Ferdinand Marcos Jr, whose dictator father and namesake plundered and brutalised the Philippines for decades, on Tuesday won a historic election victory, capping his clan’s journey from pariahs to the presidential palace.
Marcos Jr, known by his nickname “Bongbong”, won in a landslide, following relentless whitewashing of the family’s past and leveraging of powerful alliances with rival families that control swathes of the poverty-plagued country.
In the 36 years since a popular uprising toppled the patriarch and chased the family into US exile, the Marcoses have been rebuilding their political fortunes.
Despite his own father’s concerns about his “carefree and lazy” nature, Marcos Jr, 64, made it the furthest.
After narrowly losing the vice presidential race to Leni Robredo in the 2016 election, he was determined their rematch in the presidential contest would end differently.
Vowing to unify the country, Marcos Jr made sweeping promises on the campaign trail to boost jobs and tackle rising prices as part of a pathway out of the pandemic.
“Unity is my cause because of my firm belief that unity is the first step towards getting out of this crisis we are now in,” Marcos Jr said in February — without ever explaining further what the slogan meant.
Growing up in the presidential palace in Manila, Marcos Jr wanted to be an astronaut before he followed in his father’s footsteps into politics.
He served as vice governor and twice as governor of the family’s northern stronghold of Ilocos Norte province, and also had stints in the House of Representatives and the Senate.

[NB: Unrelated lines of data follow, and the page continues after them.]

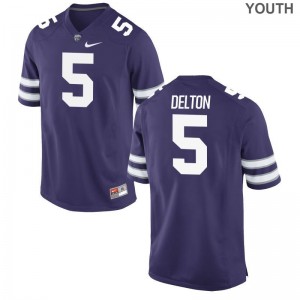 Alex Delton Kansas State Wildcats Official Youth Limited Jersey - Purple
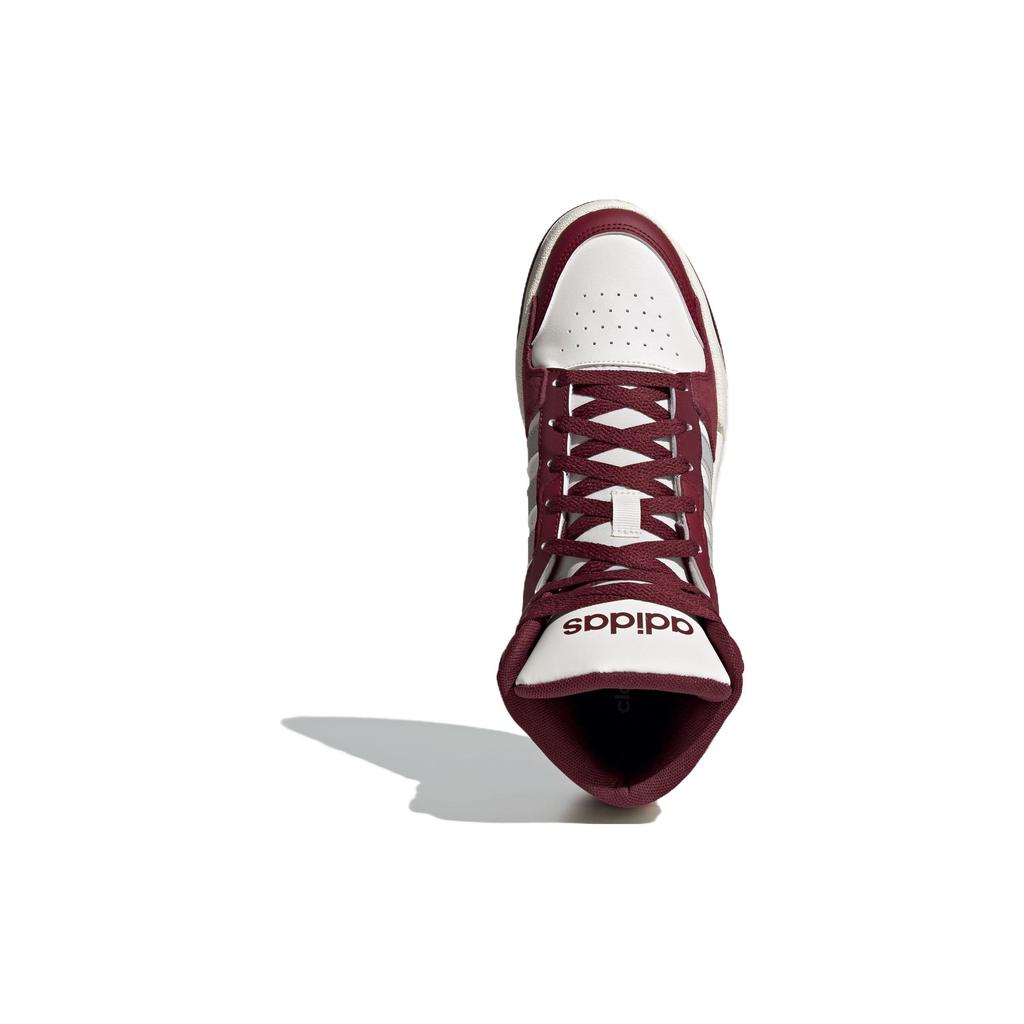 Adidas Neo Entrap Mid Leather Round Toe Lace-Up Durable Mid-Top Skate Shoes Unisex Sneakers White Brown IE3908
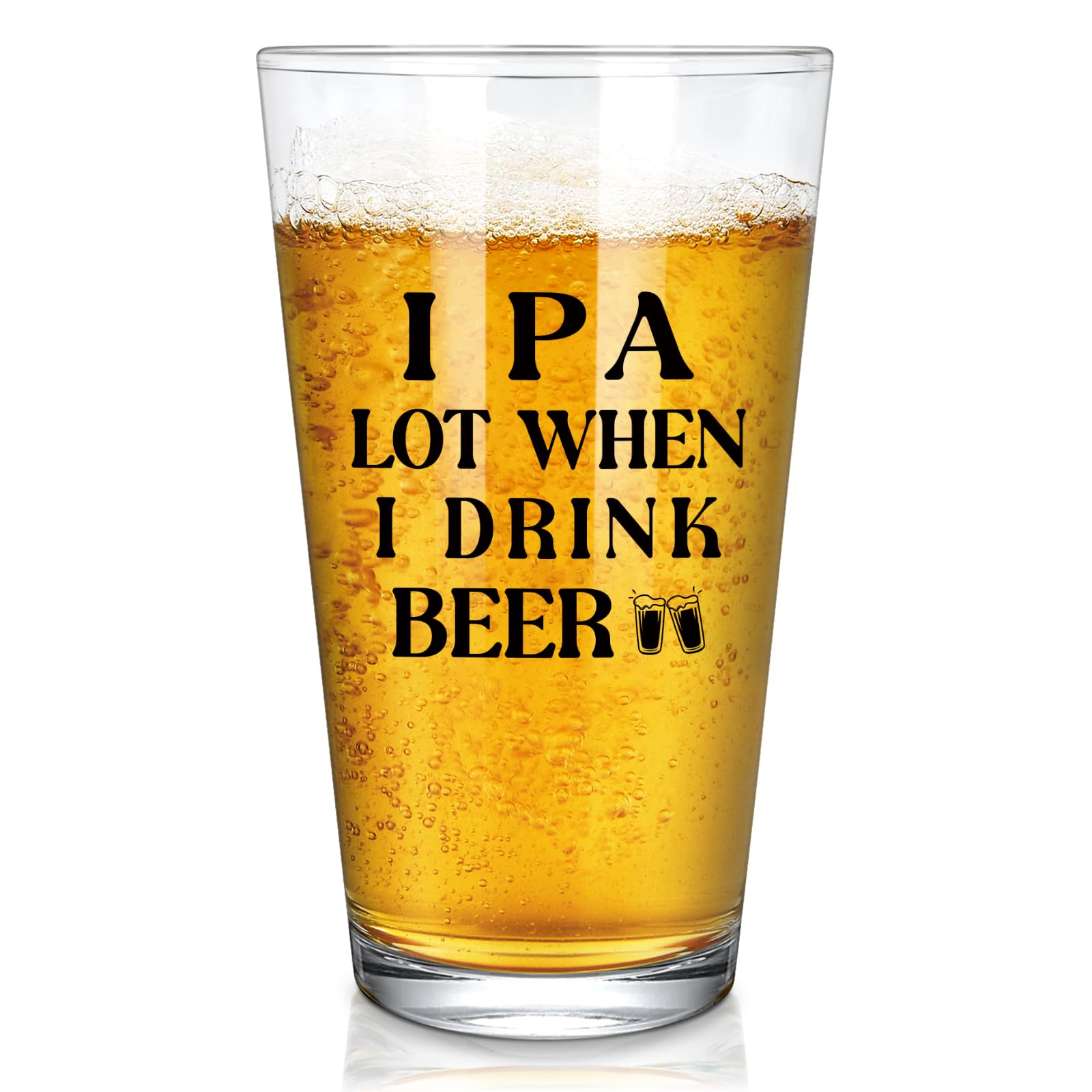 Photo 1 of "BEST FARTER EVER" funny gift, 15oz IPA A Lot When I Drink Glass, Gift for Lovers Men Women Dad Boyfriend Hubby Friends Uncle Brother, Novelty Beer Pint Glasses for Christmas Birthday Retirement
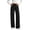 *Black, variant on VBVC Women's High Waisted Wide Leg Yoga Pants , Casual Stretchy Work Pants For Women , Ladies' Lightweight Trousers with Pockets, Khaki , S-3XL
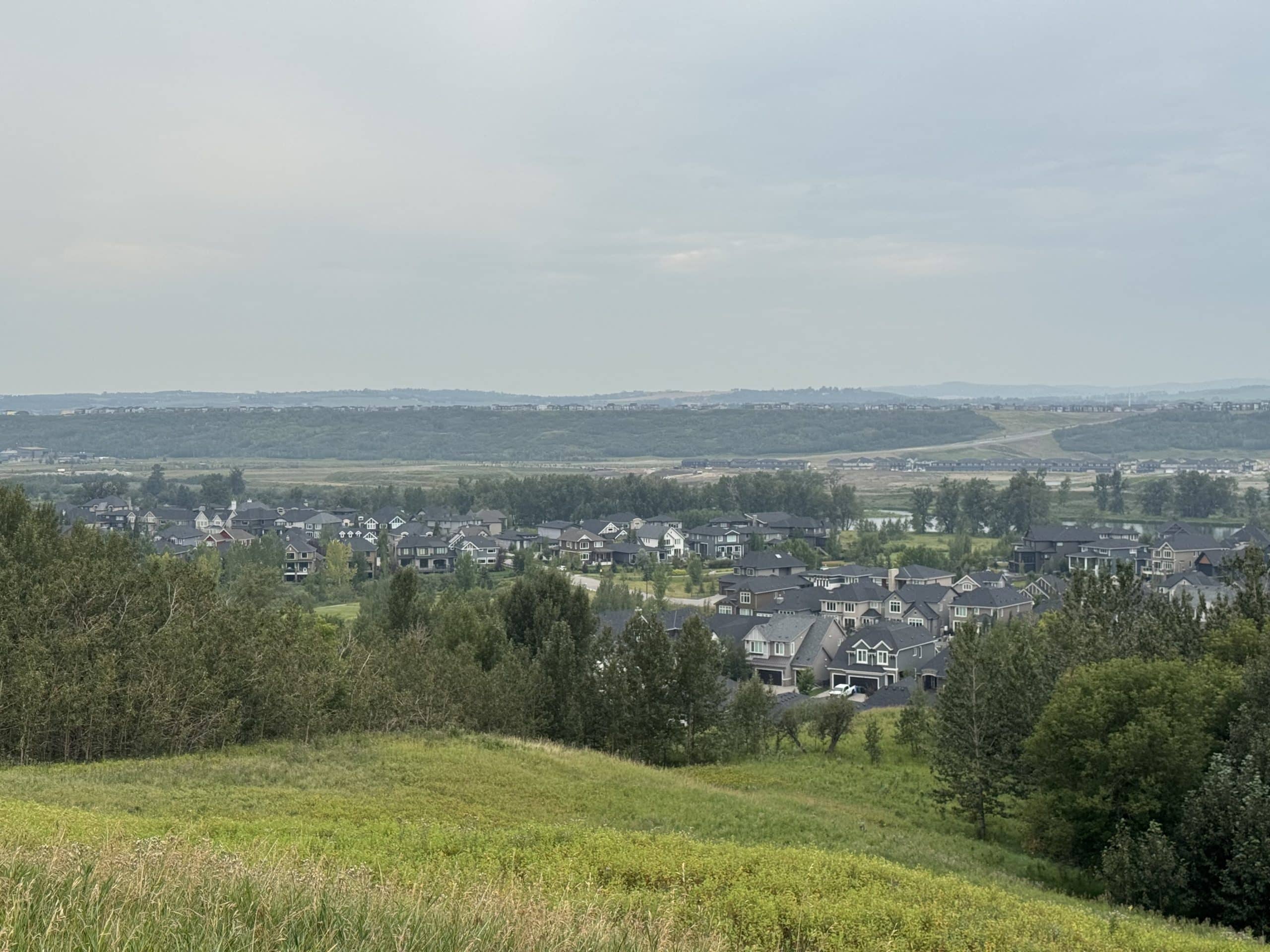 Cranston's Riverstone in southeast Calgary, overlooking the Bow River valley and surrounding natural green space.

His 92-year-old mother, Imelda, said she had dreamed of him becoming the country’s leader. While he consulted her about running for president, Marcos Jr told CNN Philippines the decision was his.
Marcos Jr’s links to his father, especially the bloody repression of the martial law years, have made him one of the nation’s most polarising politicians.
But he has benefited from a deluge of fake and misleading posts on social media platforms targeting a largely young electorate with no memory of the corruption, killings and other abuses committed during the elder Marcos’s 20-year rule.
Marcos Jr has denied using social media trolls.
His campaign was bolstered by teaming up with vice presidential candidate Sara Duterte and the backing of other elite families who wield enormous influence in the feudal and corrupt democracy.
Marcos Jr and Duterte’s shared history as the offspring of authoritarian leaders has alarmed rights groups and Catholic priests, who fear they will use their victory to entrench themselves in power.
Marcos Jr was at boarding school in Britain in 1972 when his father declared martial law, unleashing large-scale corruption and a bloody crackdown on dissent.
He has defended his father’s rule by citing the initial surge of economic growth and government spending under martial law, which he said was necessary to save the country from communist and Muslim insurgencies.
While he describes his father as a “political genius”, Marcos Jr has distanced himself from charges of pillaging state coffers and economic mismanagement during his regime that later impoverished the nation.
After the fallen dictator’s death in Hawaii in 1989, the Marcoses returned home and began their remarkable revival, tapping local loyalties to get elected to a succession of higher positions.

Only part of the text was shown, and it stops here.